(Dataset extract begins)

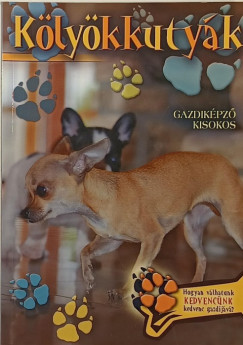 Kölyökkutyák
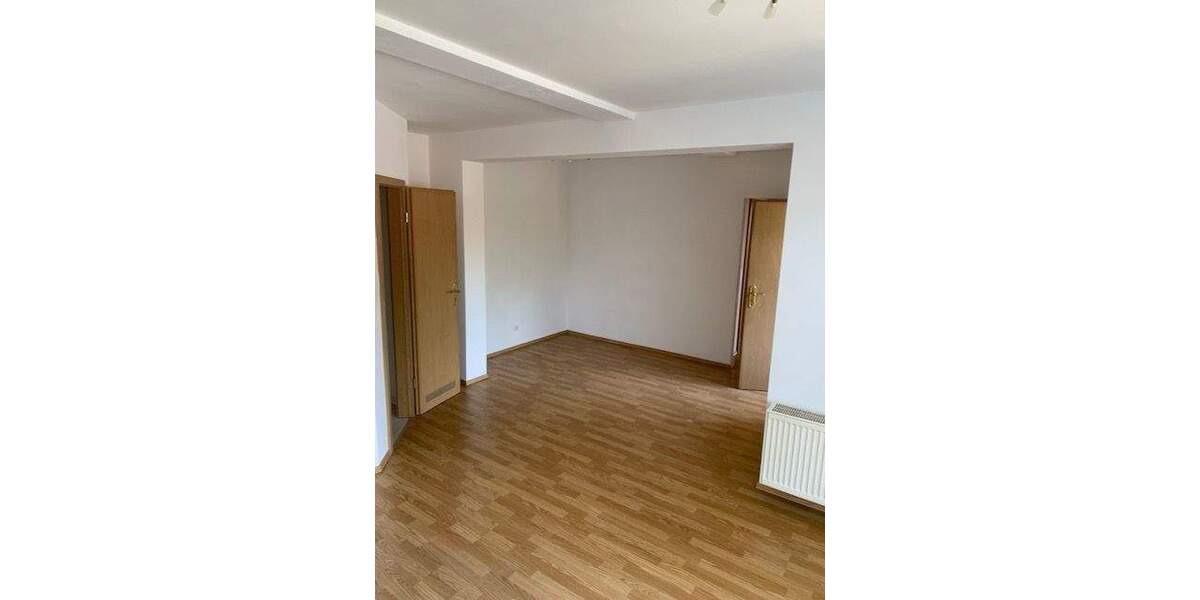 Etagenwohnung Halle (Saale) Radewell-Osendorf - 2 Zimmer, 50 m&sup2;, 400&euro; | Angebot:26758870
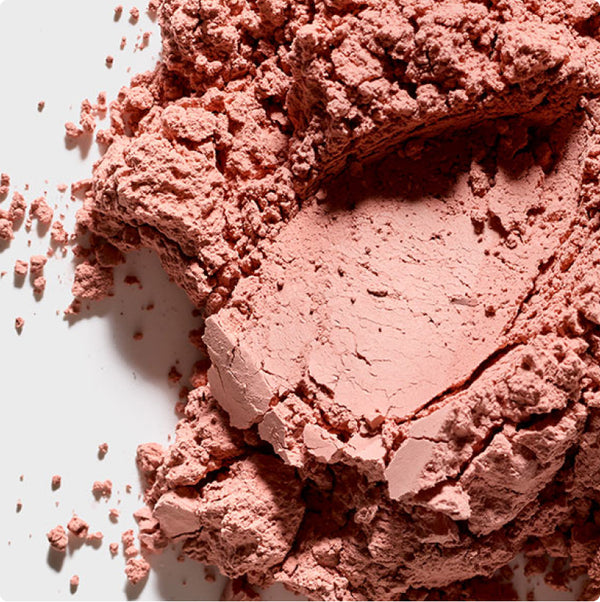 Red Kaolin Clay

(Dataset extract ends)
(Dataset extract begins)

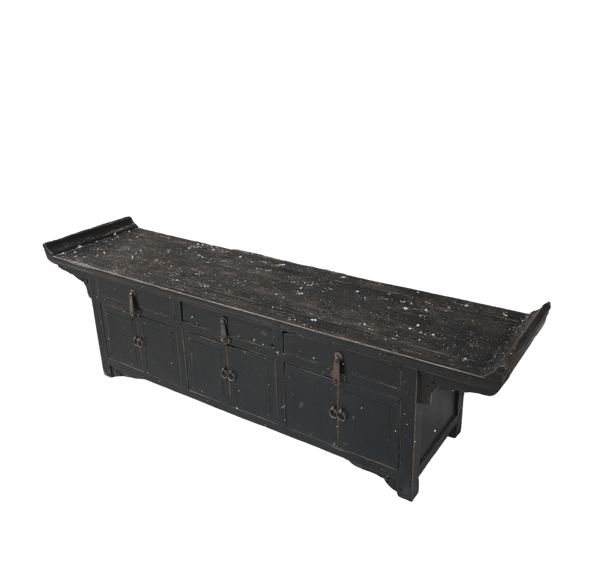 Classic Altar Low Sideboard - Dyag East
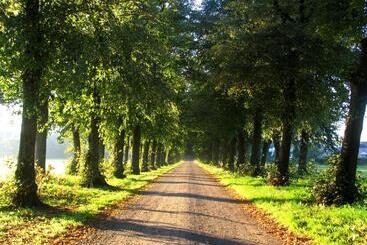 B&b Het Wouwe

(Dataset extract ends)

■ Your goal ■
What's needed is an exact copy of the records above from the line containing "Classic Altar Low Sideboard - Dyag East" down to the line containing "B&b Het Wouwe", both included, without any pictures.

■ Response area ■
 Classic Altar Low Sideboard - Dyag East
 B&b Het Wouwe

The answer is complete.